- INPUT -
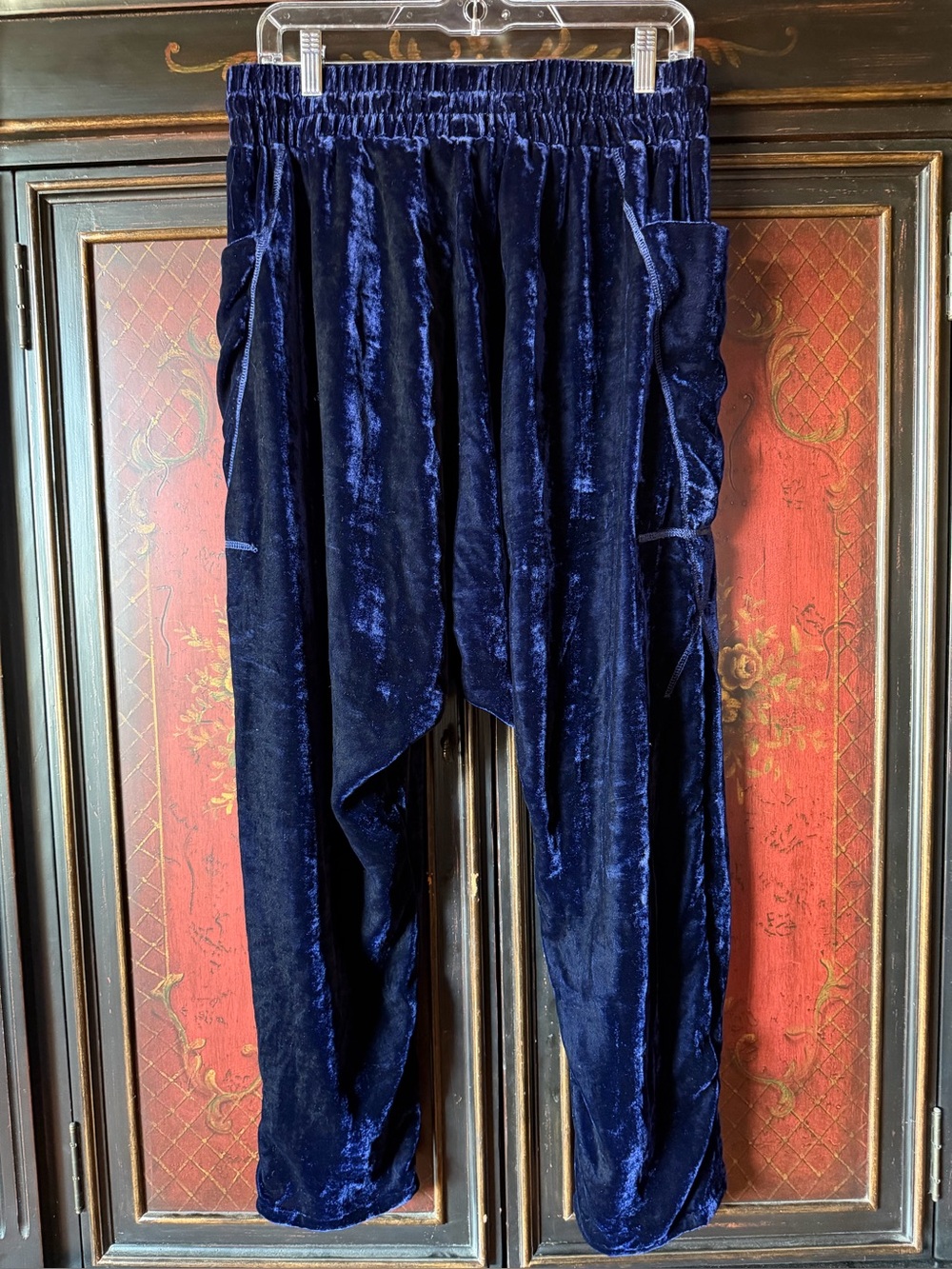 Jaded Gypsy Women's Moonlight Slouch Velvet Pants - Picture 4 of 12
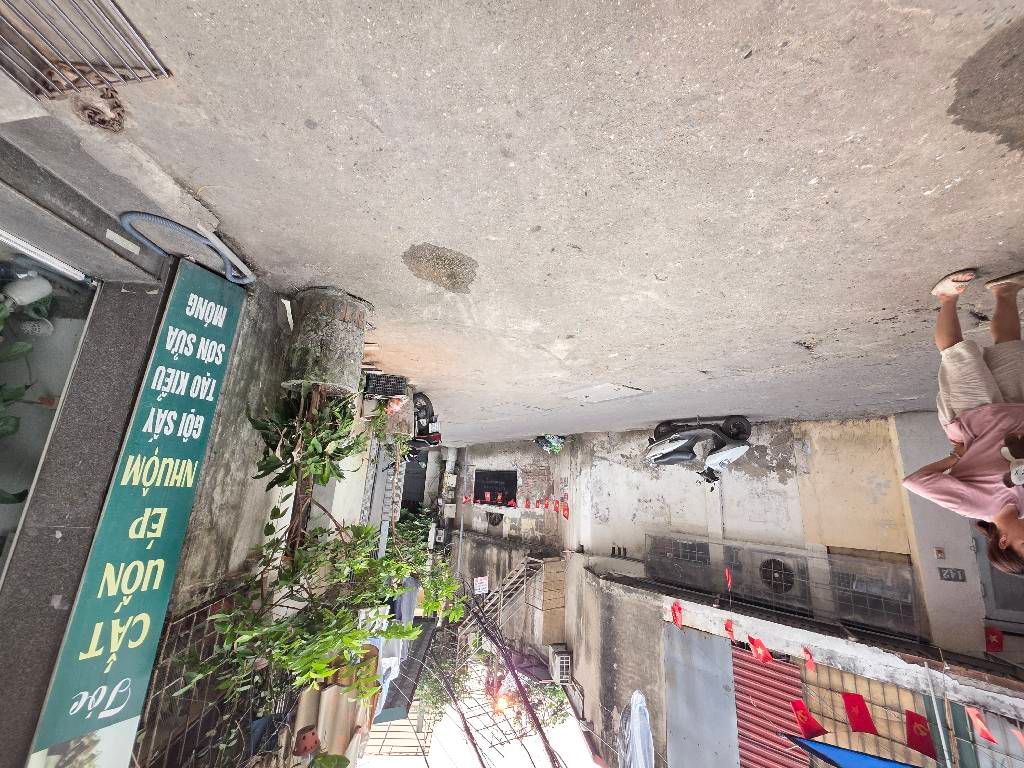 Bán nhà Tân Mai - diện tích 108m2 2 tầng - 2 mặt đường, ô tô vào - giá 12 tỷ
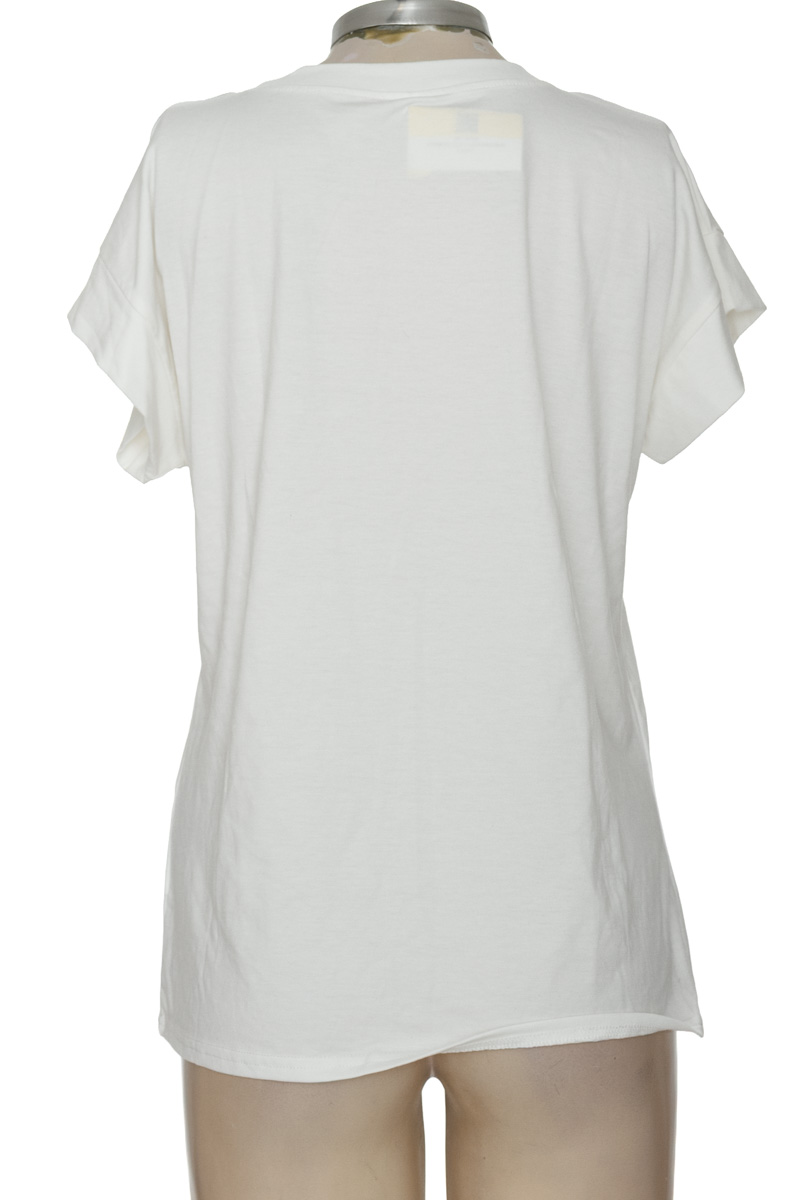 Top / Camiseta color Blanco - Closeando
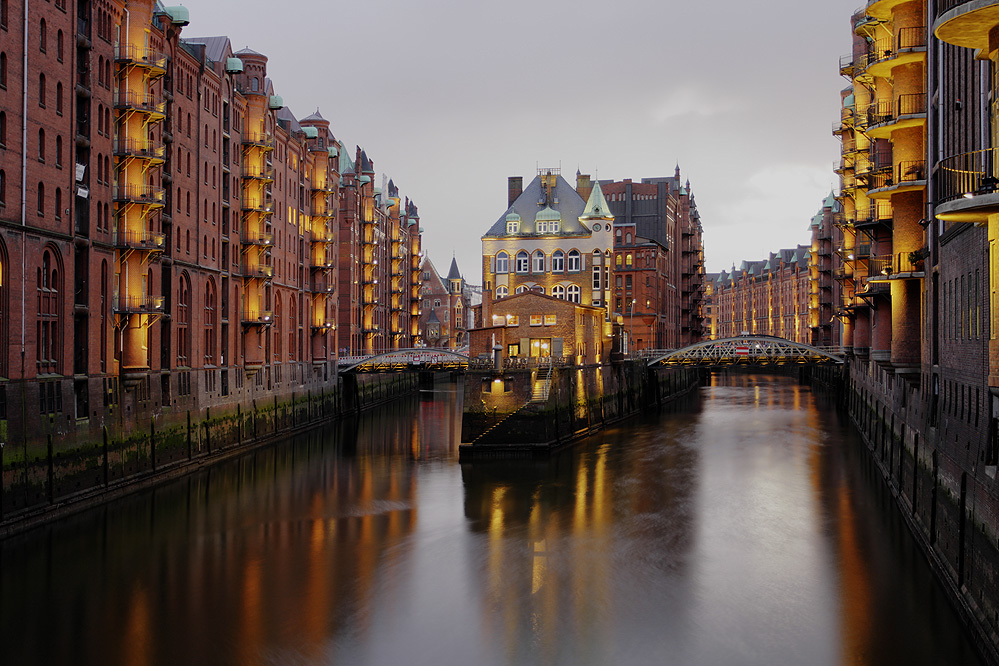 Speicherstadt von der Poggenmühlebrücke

* * *

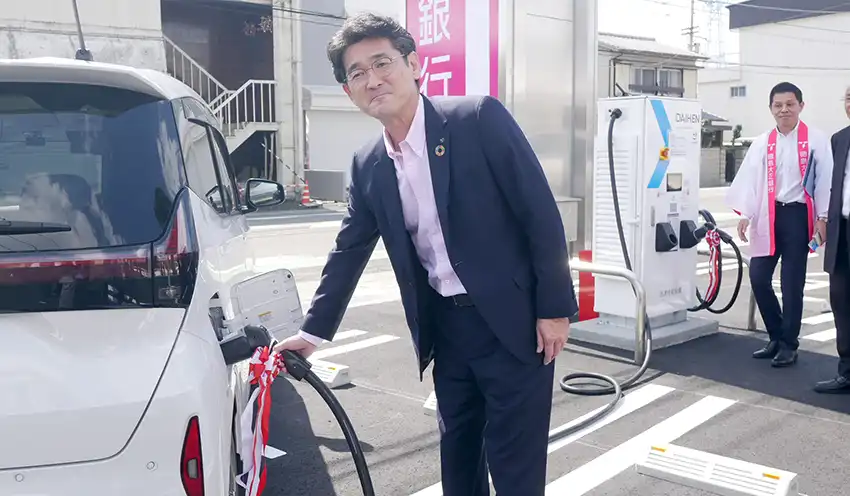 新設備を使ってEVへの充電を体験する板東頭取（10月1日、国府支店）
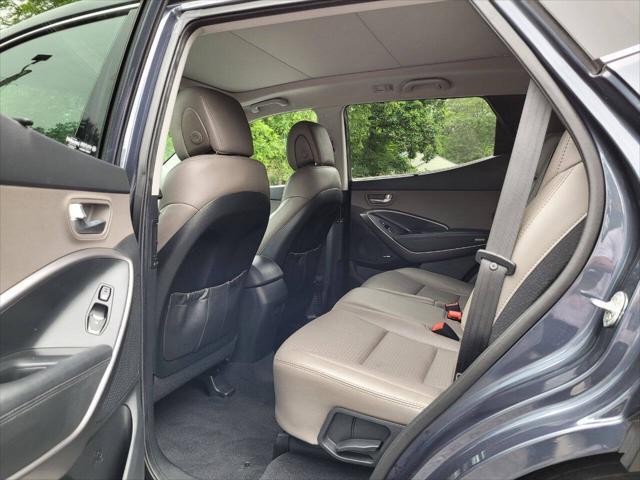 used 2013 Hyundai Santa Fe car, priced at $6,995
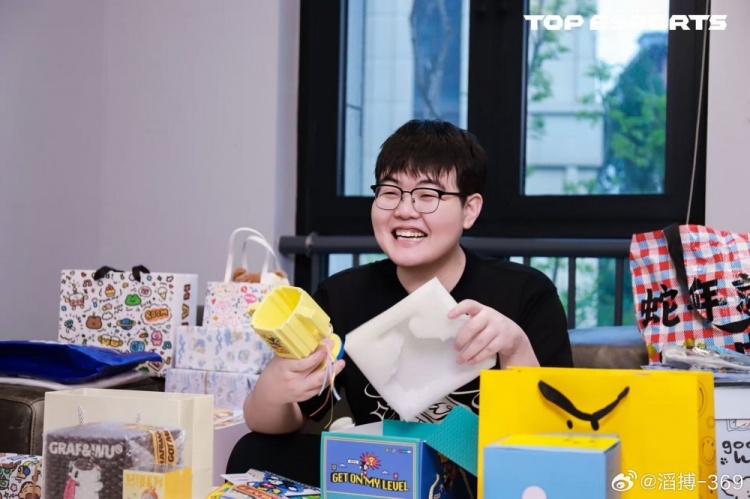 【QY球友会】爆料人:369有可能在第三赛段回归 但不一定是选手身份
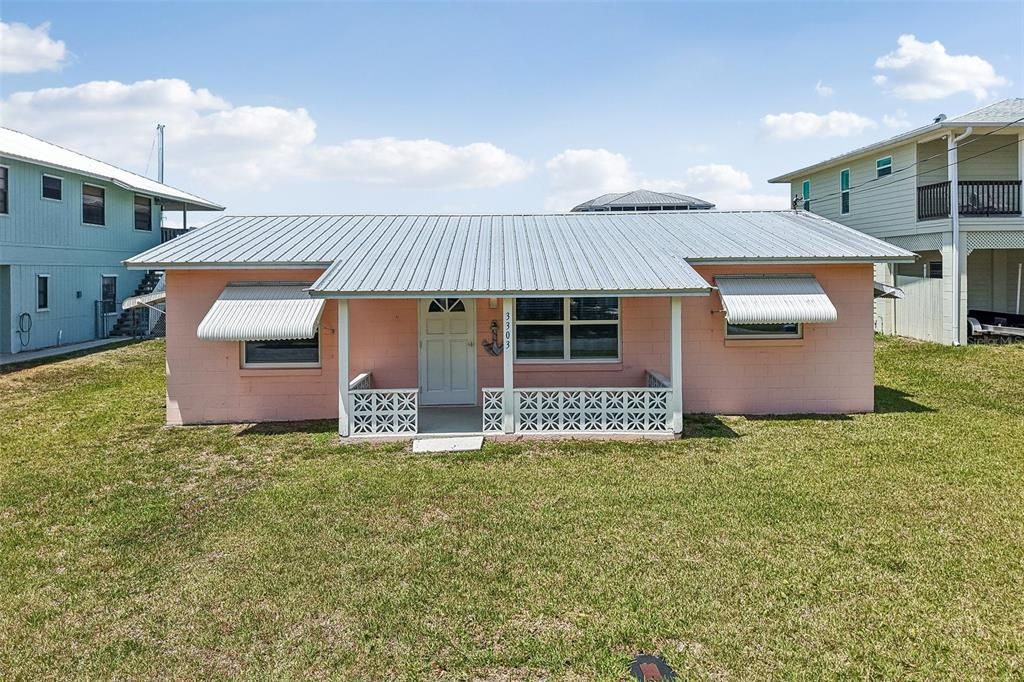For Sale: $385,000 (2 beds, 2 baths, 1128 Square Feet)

---

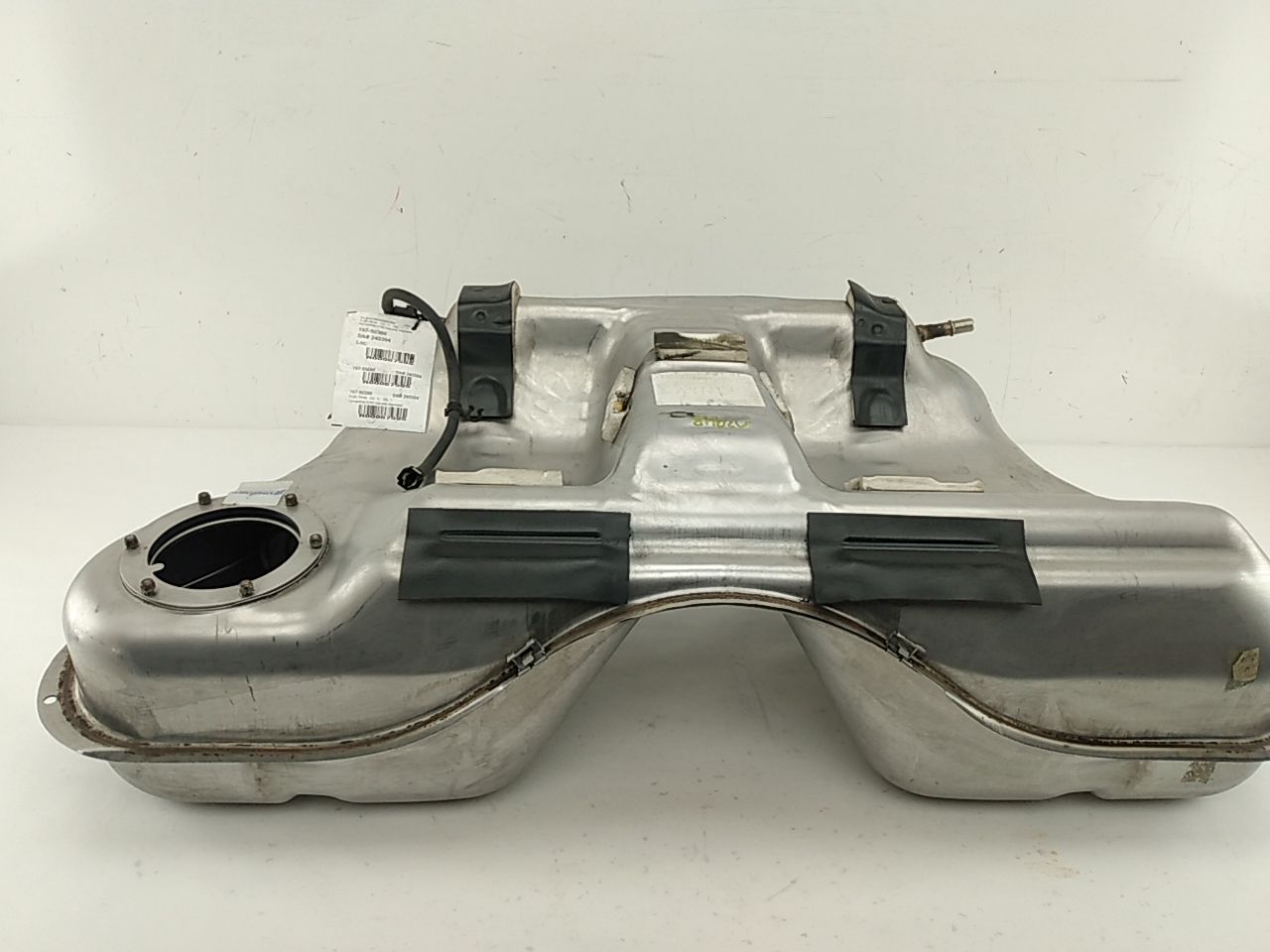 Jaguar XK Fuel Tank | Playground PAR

- EXERCISE DESCRIPTION -
Print everything from the line with "Top / Camiseta color Blanco - Closeando" down to the line with "Speicherstadt von der Poggenmühlebrücke" in the entries above, both lines included and nothing more, without the pictures.

- COMPLETED EXERCISE -
 Top / Camiseta color Blanco - Closeando
 Speicherstadt von der Poggenmühlebrücke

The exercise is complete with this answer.